His narrative of the expedition, entitled ‘A Journey from Aleppo to Jerusalem at Easter A.D. 1697,’ was printed at Oxford in 1703, with dedications to Sprat, bishop of Rochester, whom he had probably met at Bromley, and to Hedges. It consisted of sixteen pages unpaged, partly of corrections and additions which had come too late for incorporation in the text, then 142 pages of narrative, and lastly, seven pages with two letters from him to Osborn, also a fellow of Exeter College. A second edition came out in 1707, and a third issue, with ‘An Account of the Author's Journey [April 1699] to the Banks of Euphrates at Beer and to Mesopotamia,’ appeared in 1714. Hedges had given the manuscript to the university without any restrictions, and when the third impression was required he was asked for Maundrell's ‘inscriptions and some other improvements’ in his possession, but he declined, as the authorities had ‘not sent him so much as one copy for his former present,’ an omission, says Hearne, not to be imputed to Aldrich, who had supervised the impressions (Collections, ed. Doble, iii. 117). Numerous impressions came out in later years, and it was issued in 1810 in a volume with Bishop Robert Clayton's ‘Journal from Grand Cairo to Mount Sinai,’ and with the remarks of Joseph Pitts on the Mahometans, to which was prefixed Maundrell's print, ‘from an original drawing’ belonging to Richard Dagley. It was also included in the collections of Harris, Pinkerton, and Moore, in the ‘World Displayed,’ vol. xi., and in H. G. Bohn's ‘Early Travels in Palestine,’ edited by Thomas Wright in 1848. A French translation appeared at Utrecht in 1705 and at Paris in 1706. A Dutch translation was inserted in ‘Kanaan en d'omleggende Landen,’ Leeuwarden, 1717, pp. 455–520; a rendering from French into German, by Louis Fr. Vischer, was published at Hamburg in 1737, and it formed part of volume i. of Paulus's ‘Collection,’ issued at Jena in 1792. The journals of his companion, Richard Chiswell (1673–1751) [q. v.], and a copy of Maundrell's ‘Journey,’ with a few manuscript notes, are in British Museum Addit. MSS. 10623–4.

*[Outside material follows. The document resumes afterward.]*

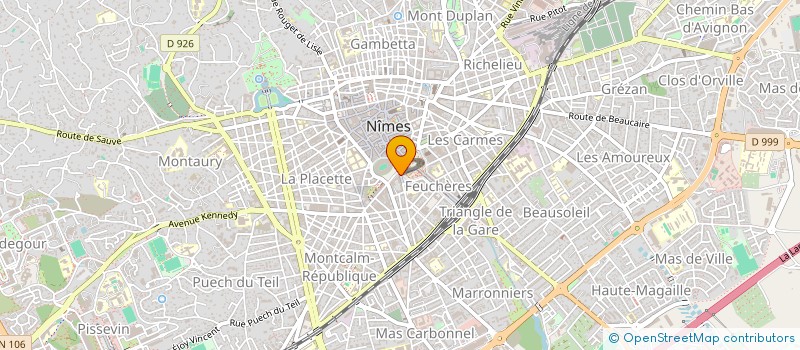 localisation de l'entreprise COMITE D'ENTREPRISE BANQUE DE FRANCE L R  NIMES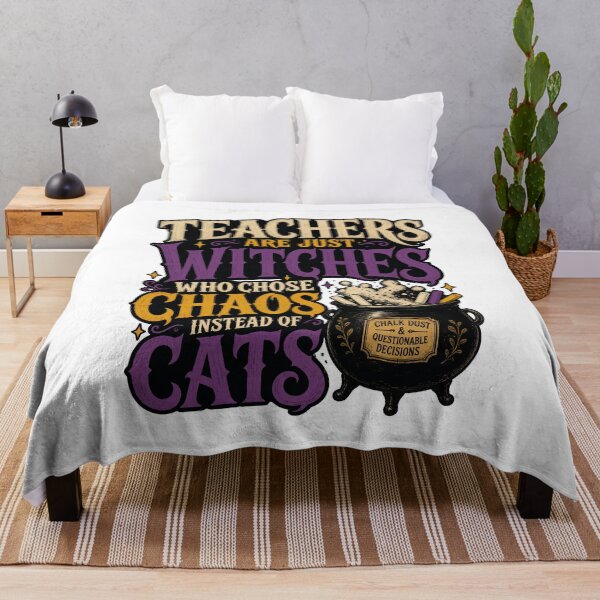 Item preview, BACK TO SCHOOL Teachers Are Just Witches Who Chose Chaos Halloween Gift designed and sold by Uglyandcute.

Maundrell is entitled to considerable praise as a judicious and careful traveller, but it is insinuated in the Rawlinson MSS. ii. 81, that he had taken one of his views from the ‘Histoire et Voyage de la Terre Sainte par Père Jaques Goujon’ (Lyon, 1671), and Alexander Drummond in his ‘Travels’ (1754) censures some of his suggestions. He was also the author of ‘A Sermon preach'd before the Company of Levant Merchants at St. Peter Poor, Dec. 15, 1695,’ and an inscription from Syria, sent by him to Bishop Lloyd of Worcester, is illustrated with critical observations in Samuel Jebb's ‘Bibliotheca Literaria’ (1722), pp. 2–6.

[Boase's Exeter Coll. pp. 82–7, 213, 229; Foster's Alumni Oxon.; Dunkin's Bromley, p. 27; Pearson's Levant Chaplains, pp. 18, 24–5, 58; Addit. MS. 24107, Brit. Mus. (with many letters from Hedges to Maundrell); Biog. Univ.; information from the Rev. Vincent F. Ransome of Compton Bassett.]